(Data excerpts)

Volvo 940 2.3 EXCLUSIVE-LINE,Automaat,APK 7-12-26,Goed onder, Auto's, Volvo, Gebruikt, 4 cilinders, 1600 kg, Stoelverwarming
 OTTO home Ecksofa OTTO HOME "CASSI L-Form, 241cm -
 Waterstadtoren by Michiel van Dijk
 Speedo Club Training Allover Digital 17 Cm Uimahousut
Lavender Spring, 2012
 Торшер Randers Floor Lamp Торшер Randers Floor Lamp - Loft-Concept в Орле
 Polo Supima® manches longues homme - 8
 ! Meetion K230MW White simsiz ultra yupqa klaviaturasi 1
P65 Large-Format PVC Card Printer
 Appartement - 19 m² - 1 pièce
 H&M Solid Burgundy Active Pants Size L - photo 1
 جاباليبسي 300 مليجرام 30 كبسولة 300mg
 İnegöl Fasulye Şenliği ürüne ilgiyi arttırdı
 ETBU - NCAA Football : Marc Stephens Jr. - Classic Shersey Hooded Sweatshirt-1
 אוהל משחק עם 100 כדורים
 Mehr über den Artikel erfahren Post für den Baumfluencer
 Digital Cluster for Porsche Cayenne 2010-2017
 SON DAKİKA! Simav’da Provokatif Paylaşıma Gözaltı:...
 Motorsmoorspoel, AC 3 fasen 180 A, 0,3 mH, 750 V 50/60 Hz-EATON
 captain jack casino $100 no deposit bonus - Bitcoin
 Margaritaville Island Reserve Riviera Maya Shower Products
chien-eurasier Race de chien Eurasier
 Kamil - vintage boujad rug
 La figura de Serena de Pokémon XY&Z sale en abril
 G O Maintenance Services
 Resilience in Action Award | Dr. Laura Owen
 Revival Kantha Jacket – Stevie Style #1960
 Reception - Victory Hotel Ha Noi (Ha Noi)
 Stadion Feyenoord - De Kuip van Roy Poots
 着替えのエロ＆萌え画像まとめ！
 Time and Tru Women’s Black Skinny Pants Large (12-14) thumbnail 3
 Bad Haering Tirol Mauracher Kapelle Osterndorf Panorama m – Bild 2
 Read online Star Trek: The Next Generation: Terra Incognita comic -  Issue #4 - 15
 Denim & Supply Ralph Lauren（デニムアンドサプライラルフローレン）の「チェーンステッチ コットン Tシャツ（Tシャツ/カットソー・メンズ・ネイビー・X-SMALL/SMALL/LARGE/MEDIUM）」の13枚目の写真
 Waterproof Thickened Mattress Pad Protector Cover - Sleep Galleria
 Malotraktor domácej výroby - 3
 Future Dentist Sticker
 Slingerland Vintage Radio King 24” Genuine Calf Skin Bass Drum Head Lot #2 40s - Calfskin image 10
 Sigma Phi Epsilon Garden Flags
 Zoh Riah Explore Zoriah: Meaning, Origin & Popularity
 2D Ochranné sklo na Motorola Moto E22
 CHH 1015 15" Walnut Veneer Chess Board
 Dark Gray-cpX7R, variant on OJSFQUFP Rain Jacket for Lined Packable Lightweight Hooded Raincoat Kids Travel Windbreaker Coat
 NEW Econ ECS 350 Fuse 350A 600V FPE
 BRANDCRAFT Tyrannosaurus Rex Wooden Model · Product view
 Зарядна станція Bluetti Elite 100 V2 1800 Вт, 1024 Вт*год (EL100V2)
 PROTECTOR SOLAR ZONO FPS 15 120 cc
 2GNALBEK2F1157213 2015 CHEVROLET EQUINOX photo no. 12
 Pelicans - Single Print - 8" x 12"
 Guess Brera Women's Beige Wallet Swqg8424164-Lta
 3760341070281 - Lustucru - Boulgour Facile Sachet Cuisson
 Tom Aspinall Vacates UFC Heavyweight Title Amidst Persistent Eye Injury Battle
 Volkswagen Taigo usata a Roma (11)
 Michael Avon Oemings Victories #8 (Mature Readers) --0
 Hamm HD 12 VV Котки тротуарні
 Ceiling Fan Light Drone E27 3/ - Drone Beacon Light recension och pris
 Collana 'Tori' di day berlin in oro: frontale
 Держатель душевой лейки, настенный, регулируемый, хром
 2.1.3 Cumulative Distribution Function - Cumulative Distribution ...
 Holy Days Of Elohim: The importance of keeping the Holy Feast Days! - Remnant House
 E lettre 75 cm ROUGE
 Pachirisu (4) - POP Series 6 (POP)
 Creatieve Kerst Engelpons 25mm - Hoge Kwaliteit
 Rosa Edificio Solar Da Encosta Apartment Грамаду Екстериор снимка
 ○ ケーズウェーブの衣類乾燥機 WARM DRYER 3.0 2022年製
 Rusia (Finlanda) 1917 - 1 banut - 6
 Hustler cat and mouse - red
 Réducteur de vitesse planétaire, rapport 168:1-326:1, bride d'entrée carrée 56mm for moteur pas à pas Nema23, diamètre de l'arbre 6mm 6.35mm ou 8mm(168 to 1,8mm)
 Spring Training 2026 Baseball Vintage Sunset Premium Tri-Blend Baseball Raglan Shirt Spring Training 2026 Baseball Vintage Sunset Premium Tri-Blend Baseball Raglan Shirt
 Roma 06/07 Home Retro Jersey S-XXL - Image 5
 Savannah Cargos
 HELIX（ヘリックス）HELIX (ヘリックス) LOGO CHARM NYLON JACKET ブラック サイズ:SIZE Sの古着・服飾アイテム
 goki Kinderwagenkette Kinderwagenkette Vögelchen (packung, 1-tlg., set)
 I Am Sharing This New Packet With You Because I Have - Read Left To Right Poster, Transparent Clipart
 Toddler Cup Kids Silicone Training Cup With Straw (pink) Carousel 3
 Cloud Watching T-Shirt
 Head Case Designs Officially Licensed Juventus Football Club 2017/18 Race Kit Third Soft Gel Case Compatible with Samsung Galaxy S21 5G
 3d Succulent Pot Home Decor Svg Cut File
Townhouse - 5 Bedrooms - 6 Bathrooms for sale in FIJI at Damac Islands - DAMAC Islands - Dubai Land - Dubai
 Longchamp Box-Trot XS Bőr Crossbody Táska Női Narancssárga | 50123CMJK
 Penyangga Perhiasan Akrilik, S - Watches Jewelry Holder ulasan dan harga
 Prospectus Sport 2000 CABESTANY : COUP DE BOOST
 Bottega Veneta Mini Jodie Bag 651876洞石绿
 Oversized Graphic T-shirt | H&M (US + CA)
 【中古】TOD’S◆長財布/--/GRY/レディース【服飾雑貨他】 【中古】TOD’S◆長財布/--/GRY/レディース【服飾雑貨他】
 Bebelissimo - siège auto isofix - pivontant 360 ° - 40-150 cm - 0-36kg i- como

* [EXERCISE GOAL]: Please give back all of the records exactly as written.

* [TASK RESULT]:
Volvo 940 2.3 EXCLUSIVE-LINE,Automaat,APK 7-12-26,Goed onder, Auto's, Volvo, Gebruikt, 4 cilinders, 1600 kg, Stoelverwarming
 OTTO home Ecksofa OTTO HOME "CASSI L-Form, 241cm -
 Waterstadtoren by Michiel van Dijk
 Speedo Club Training Allover Digital 17 Cm Uimahousut
Lavender Spring, 2012
 Торшер Randers Floor Lamp Торшер Randers Floor Lamp - Loft-Concept в Орле
 Polo Supima® manches longues homme - 8
 ! Meetion K230MW White simsiz ultra yupqa klaviaturasi 1
P65 Large-Format PVC Card Printer
 Appartement - 19 m² - 1 pièce
 H&M Solid Burgundy Active Pants Size L - photo 1
 جاباليبسي 300 مليجرام 30 كبسولة 300mg
 İnegöl Fasulye Şenliği ürüne ilgiyi arttırdı
 ETBU - NCAA Football : Marc Stephens Jr. - Classic Shersey Hooded Sweatshirt-1
 אוהל משחק עם 100 כדורים
 Mehr über den Artikel erfahren Post für den Baumfluencer
 Digital Cluster for Porsche Cayenne 2010-2017
 SON DAKİKA! Simav’da Provokatif Paylaşıma Gözaltı:...
 Motorsmoorspoel, AC 3 fasen 180 A, 0,3 mH, 750 V 50/60 Hz-EATON
 captain jack casino $100 no deposit bonus - Bitcoin
 Margaritaville Island Reserve Riviera Maya Shower Products
chien-eurasier Race de chien Eurasier
 Kamil - vintage boujad rug
 La figura de Serena de Pokémon XY&Z sale en abril
 G O Maintenance Services
 Resilience in Action Award | Dr. Laura Owen
 Revival Kantha Jacket – Stevie Style #1960
 Reception - Victory Hotel Ha Noi (Ha Noi)
 Stadion Feyenoord - De Kuip van Roy Poots
 着替えのエロ＆萌え画像まとめ！
 Time and Tru Women’s Black Skinny Pants Large (12-14) thumbnail 3
 Bad Haering Tirol Mauracher Kapelle Osterndorf Panorama m – Bild 2
 Read online Star Trek: The Next Generation: Terra Incognita comic -  Issue #4 - 15
 Denim & Supply Ralph Lauren（デニムアンドサプライラルフローレン）の「チェーンステッチ コットン Tシャツ（Tシャツ/カットソー・メンズ・ネイビー・X-SMALL/SMALL/LARGE/MEDIUM）」の13枚目の写真
 Waterproof Thickened Mattress Pad Protector Cover - Sleep Galleria
 Malotraktor domácej výroby - 3
 Future Dentist Sticker
 Slingerland Vintage Radio King 24” Genuine Calf Skin Bass Drum Head Lot #2 40s - Calfskin image 10
 Sigma Phi Epsilon Garden Flags
 Zoh Riah Explore Zoriah: Meaning, Origin & Popularity
 2D Ochranné sklo na Motorola Moto E22
 CHH 1015 15" Walnut Veneer Chess Board
 Dark Gray-cpX7R, variant on OJSFQUFP Rain Jacket for Lined Packable Lightweight Hooded Raincoat Kids Travel Windbreaker Coat
 NEW Econ ECS 350 Fuse 350A 600V FPE
 BRANDCRAFT Tyrannosaurus Rex Wooden Model · Product view
 Зарядна станція Bluetti Elite 100 V2 1800 Вт, 1024 Вт*год (EL100V2)
 PROTECTOR SOLAR ZONO FPS 15 120 cc
 2GNALBEK2F1157213 2015 CHEVROLET EQUINOX photo no. 12
 Pelicans - Single Print - 8" x 12"
 Guess Brera Women's Beige Wallet Swqg8424164-Lta
 3760341070281 - Lustucru - Boulgour Facile Sachet Cuisson
 Tom Aspinall Vacates UFC Heavyweight Title Amidst Persistent Eye Injury Battle
 Volkswagen Taigo usata a Roma (11)
 Michael Avon Oemings Victories #8 (Mature Readers) --0
 Hamm HD 12 VV Котки тротуарні
 Ceiling Fan Light Drone E27 3/ - Drone Beacon Light recension och pris
 Collana 'Tori' di day berlin in oro: frontale
 Держатель душевой лейки, настенный, регулируемый, хром
 2.1.3 Cumulative Distribution Function - Cumulative Distribution ...
 Holy Days Of Elohim: The importance of keeping the Holy Feast Days! - Remnant House
 E lettre 75 cm ROUGE
 Pachirisu (4) - POP Series 6 (POP)
 Creatieve Kerst Engelpons 25mm - Hoge Kwaliteit
 Rosa Edificio Solar Da Encosta Apartment Грамаду Екстериор снимка
 ○ ケーズウェーブの衣類乾燥機 WARM DRYER 3.0 2022年製
 Rusia (Finlanda) 1917 - 1 banut - 6
 Hustler cat and mouse - red
 Réducteur de vitesse planétaire, rapport 168:1-326:1, bride d'entrée carrée 56mm for moteur pas à pas Nema23, diamètre de l'arbre 6mm 6.35mm ou 8mm(168 to 1,8mm)
 Spring Training 2026 Baseball Vintage Sunset Premium Tri-Blend Baseball Raglan Shirt Spring Training 2026 Baseball Vintage Sunset Premium Tri-Blend Baseball Raglan Shirt
 Roma 06/07 Home Retro Jersey S-XXL - Image 5
 Savannah Cargos
 HELIX（ヘリックス）HELIX (ヘリックス) LOGO CHARM NYLON JACKET ブラック サイズ:SIZE Sの古着・服飾アイテム
 goki Kinderwagenkette Kinderwagenkette Vögelchen (packung, 1-tlg., set)
 I Am Sharing This New Packet With You Because I Have - Read Left To Right Poster, Transparent Clipart
 Toddler Cup Kids Silicone Training Cup With Straw (pink) Carousel 3
 Cloud Watching T-Shirt
 Head Case Designs Officially Licensed Juventus Football Club 2017/18 Race Kit Third Soft Gel Case Compatible with Samsung Galaxy S21 5G
 3d Succulent Pot Home Decor Svg Cut File
Townhouse - 5 Bedrooms - 6 Bathrooms for sale in FIJI at Damac Islands - DAMAC Islands - Dubai Land - Dubai
 Longchamp Box-Trot XS Bőr Crossbody Táska Női Narancssárga | 50123CMJK
 Penyangga Perhiasan Akrilik, S - Watches Jewelry Holder ulasan dan harga
 Prospectus Sport 2000 CABESTANY : COUP DE BOOST
 Bottega Veneta Mini Jodie Bag 651876洞石绿
 Oversized Graphic T-shirt | H&M (US + CA)
 【中古】TOD’S◆長財布/--/GRY/レディース【服飾雑貨他】 【中古】TOD’S◆長財布/--/GRY/レディース【服飾雑貨他】
 Bebelissimo - siège auto isofix - pivontant 360 ° - 40-150 cm - 0-36kg i- como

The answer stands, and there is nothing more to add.